- Music
- 29 Mar 01
WHIPPING BOY (Project Arts Centre, Dublin) TO GET a crowd up and dancing requires something special - but then Whipping Boy have always had that something.
WHIPPING BOY (Project Arts Centre, Dublin)
TO GET a crowd up and dancing requires something special - but then Whipping Boy have always had that something. Tonight was a triumph of sorts for Whipping Boy, as they moulded a link with their audience and brought them along on the trip. They managed to both challenge and coax, to attack and befriend.
"Tonight is not a night for me," Fergie sang at one stage. He was being ironic, of course - the subtle lad that he is. But then, he was singing the song, telling the story. Whipping Boy music, at its best, embodies the brutal contradictions of human existence. Where love goes, so does hate. Where everything is perfect, everything is being prepared to be shattered.

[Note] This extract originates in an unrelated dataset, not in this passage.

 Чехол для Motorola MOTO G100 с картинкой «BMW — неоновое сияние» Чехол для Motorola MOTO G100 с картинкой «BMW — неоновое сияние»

There are dangerous, disturbing moods in Whipping Boy music. They can leave you on edge, uncertain of their real intent. This is what makes Whipping Boy potent. They chase their artistic vision through the maze of the mind. Inside many of our heads lie disturbing secrets and desires. And what Fergie does is attempt to be honest about these, to explore them with a brutal, objective line of thought.
"Today is not a good day for me/For today I found out I was mad", he sang on 'A Natural'. Well, madness can be entertaining, and let's face it, we all want to be entertained. Or look at it another way; we come to our artists to escape something. And maybe in the escape we also need to learn something.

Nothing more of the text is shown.